** What to do **
Below are records with pictures in them. Transcribe everything from the line containing "Just to let" down to the line containing "We also want", exactly, and leave the pictures behind.

** Source records **
————
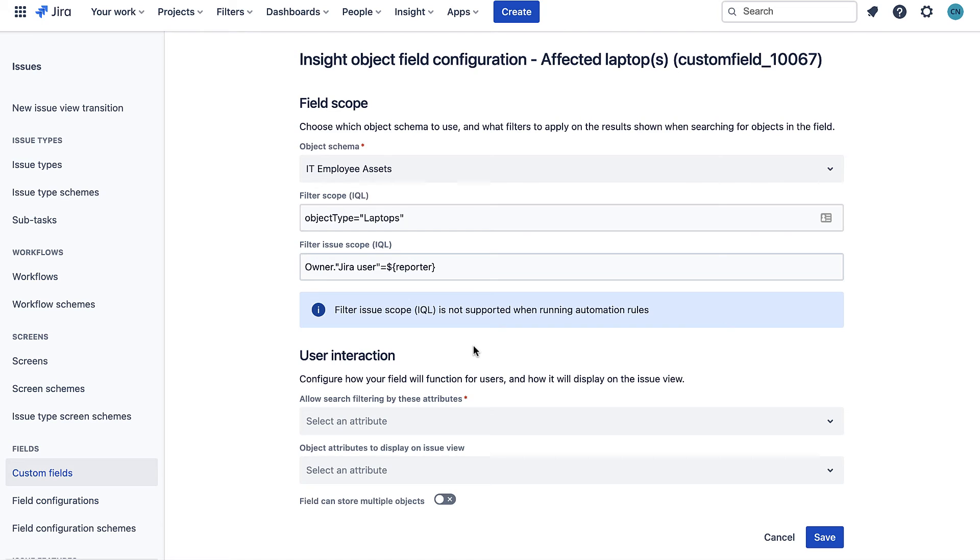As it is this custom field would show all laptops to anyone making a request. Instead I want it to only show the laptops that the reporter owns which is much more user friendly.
————
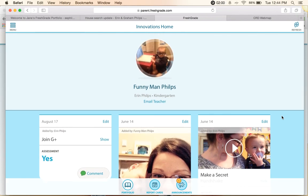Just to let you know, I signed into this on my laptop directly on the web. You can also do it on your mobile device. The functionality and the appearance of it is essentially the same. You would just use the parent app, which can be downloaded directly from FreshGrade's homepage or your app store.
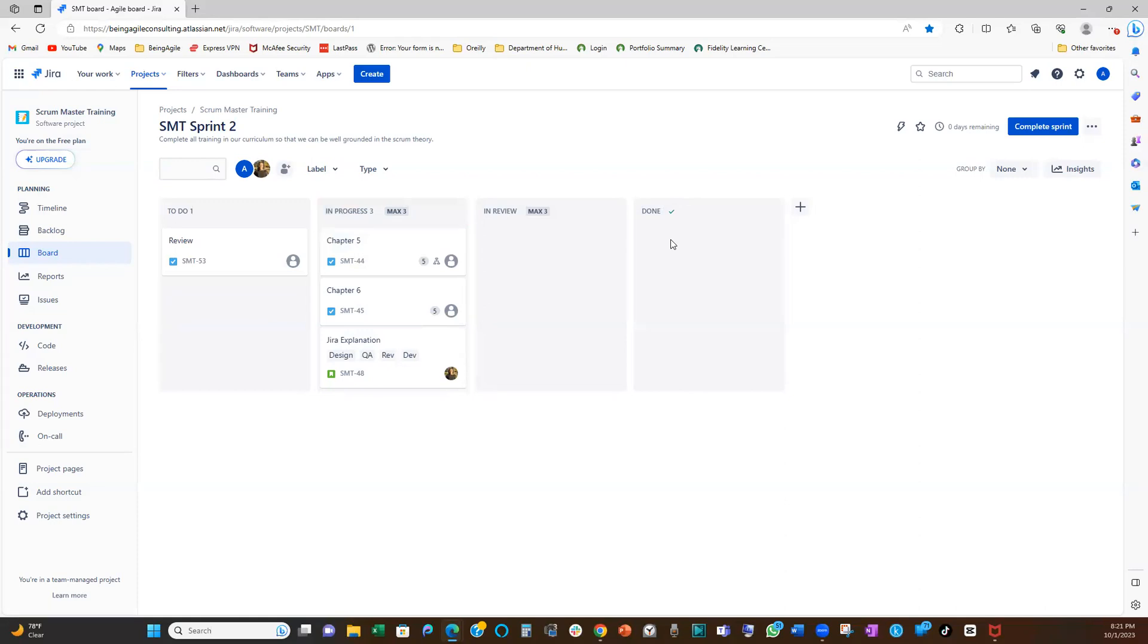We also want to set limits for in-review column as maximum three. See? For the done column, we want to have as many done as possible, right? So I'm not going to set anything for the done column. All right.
————
** Result **
Just to let you know, I signed into this on my laptop directly on the web. You can also do it on your mobile device. The functionality and the appearance of it is essentially the same. You would just use the parent app, which can be downloaded directly from FreshGrade's homepage or your app store.
We also want to set limits for in-review column as maximum three. See? For the done column, we want to have as many done as possible, right? So I'm not going to set anything for the done column. All right.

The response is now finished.